According to Bobby Womack, he originally didn’t want them to record it, telling his manager, “I don’t want those long-haired guys messing up my song.”
Two weeks later, he heard the royalties and changed his mind forever.
The Recording
This was classic young-Stones energy: fast, raw, slightly chaotic, and perfect.
Players on the session included:
- Keith Richards – guitar (that crisp riff that snaps like a rubber band)
- Brian Jones – rhythm guitar
- Bill Wyman – bass
- Charlie Watts – drums (tasteful as always)
- Ian Stewart – piano (the 6th Stone, the adult in the room)
- Mick Jagger – vocals, equal parts swagger and irritation
It was recorded at Chess Studios, which explains the bluesy edge — the walls themselves probably hummed at night.
Chart Performance
- First Stones single to hit #1 in the UK
- Top 40 hit in several European countries
- Helped launch the band from “interesting British R&B act” to “these guys might actually take over the world”
This is the record that told everybody:
Oh. They’re not playing around.
Fun Facts
- Bobby Womack said he bought his first house with the royalties from the Stones’ cover. Hard to stay mad after that.
- The Stones were so thrilled with the Chess session that they played around the building like kids on Christmas. At one point, Muddy Waters helped them move their equipment — because Muddy was Muddy, and legends don’t act like legends.
- Keith Richards said the riff came from trying to mimic the American soul guitar sound they adored. He succeeded.
- This was one of Brian Jones’s peak rhythm-guitar performances — locked in, sharp, uncomplicated. Before things got… you know… Brian Jones-y.
What’s It About?
It’s a breakup song with an attitude problem.
She did him wrong. He’s had enough. He’s telling everybody.

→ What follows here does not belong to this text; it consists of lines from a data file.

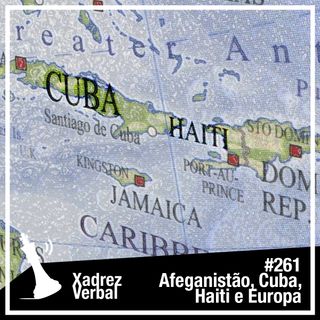 Xadrez Verbal #261 Tormenta Política no Caribe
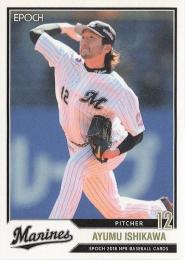 2018 EPOCH NPBプロ野球 #183 石川歩(ロッテ)【パラレル版】レギュラーカード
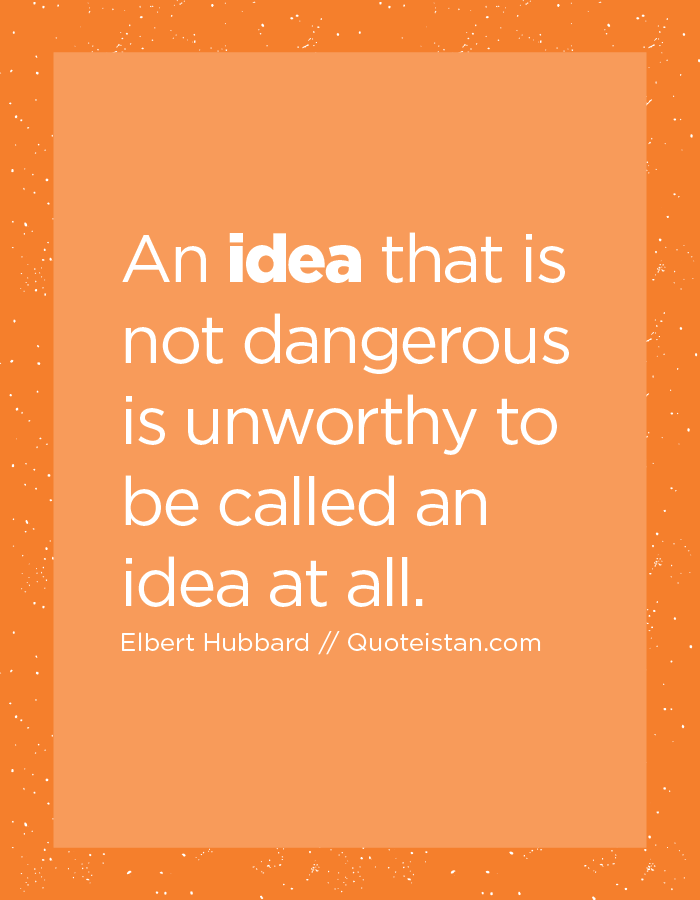 An idea that is not dangerous is unworthy to be called an idea at all.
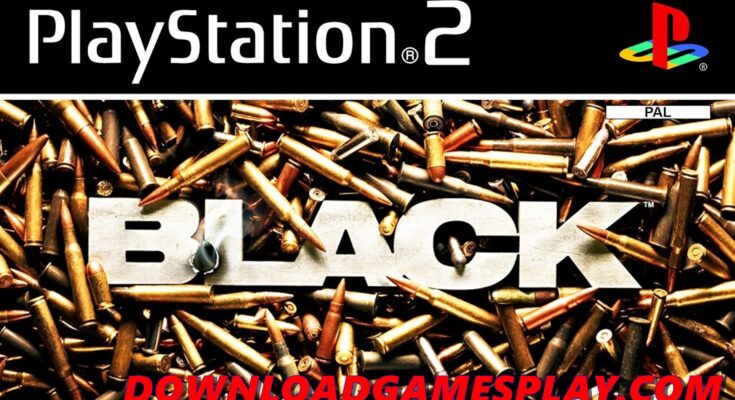 DOWNLOAD ISO BLACK PS2 PARA ANDROID e PC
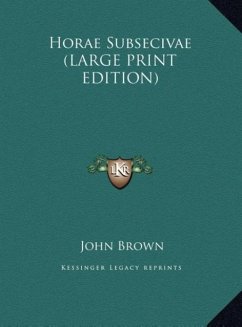 Horae Subsecivae (LARGE PRINT EDITION) - Brown, John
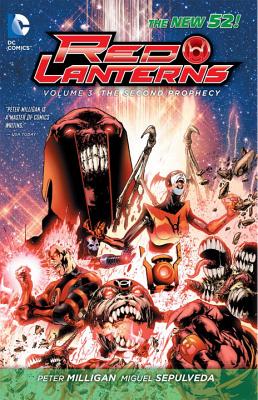 Red Lanterns Vol. 3: The Second Prophecy (The New 52)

And he’s telling them loudly.
It’s basically the 1964 version of changing your Facebook status to “single” and hoping your ex sees it.
Playing the Song
This one is a blast for guitar players — straightforward chords, that signature opening lick, and enough groove to attract dancers who weren’t planning to dance.

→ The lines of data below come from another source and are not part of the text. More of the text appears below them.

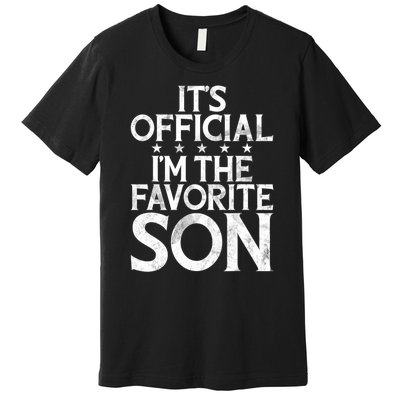 Its Official Im The Favorite Son Premium T-Shirt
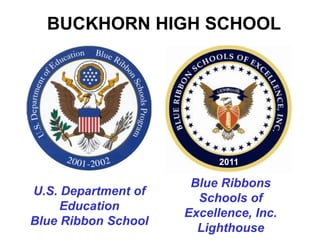 BUCKHORN HIGH SCHOOL




                           2011

                      Blue Ribbons
U.S. Department of
                       Schools of
     Education
                     Excellence, Inc.
Blue Ribbon School
                       Lighthouse
 
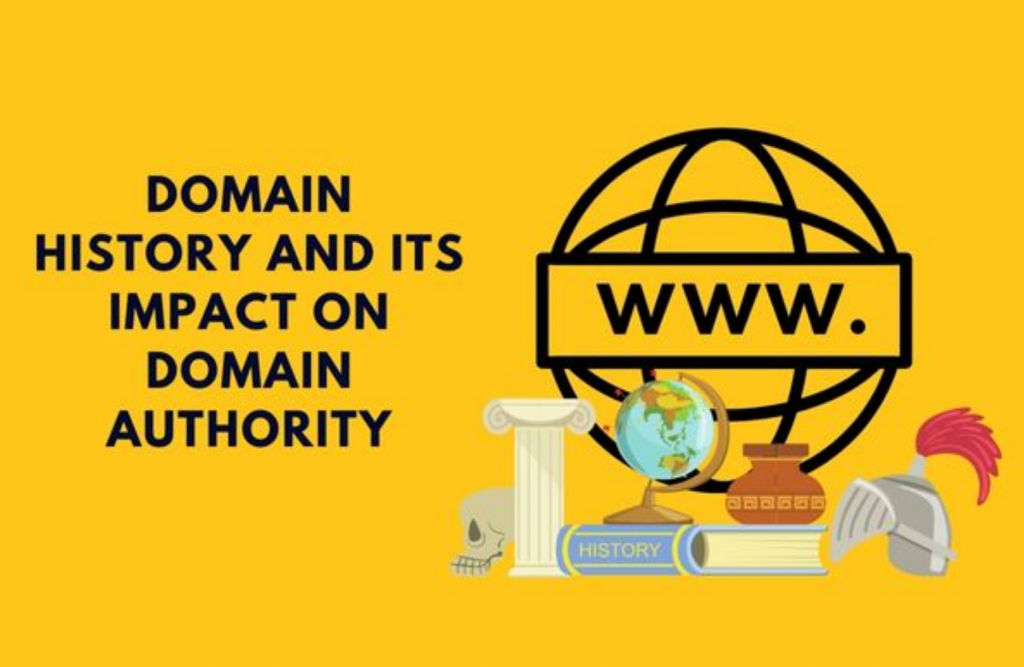 Domain History and its impact on Domain Authority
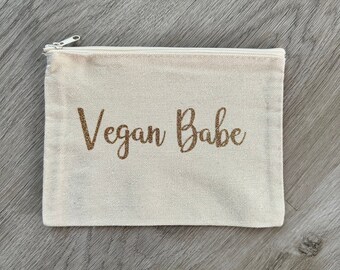 Vegan Babe Zipper Bag - Canvas Pouch, Tote, Travel, Makeup Bag, Quote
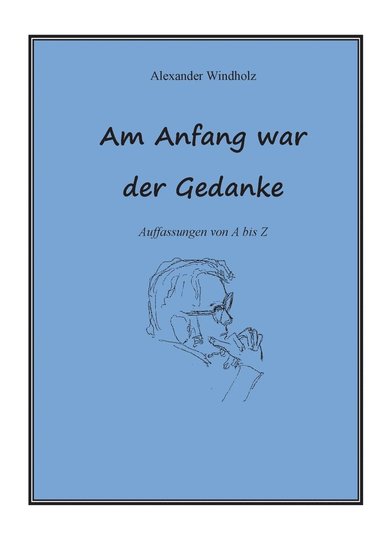 bokomslag Am Anfang war der Gedanke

Keith’s rhythm work was always deceptively simple:
Just loose enough to feel human, just tight enough to keep the train moving.
Play it on a Telecaster and you’ll feel like 1964 Keith in a heartbeat. Play it on a Strat, like you often do, and it’ll still snarl beautifully.
Why It Lasts
Because it’s pure, honest rock & roll — no frills, no overdubs, no pretense.
It’s the sound of a young band discovering exactly what they’re capable of.
“It’s All Over Now” was a breakup song…
but it was also the beginning of something massive.
And for the Stones, it was the first sign of a career that, ironically, would never be “all over now.”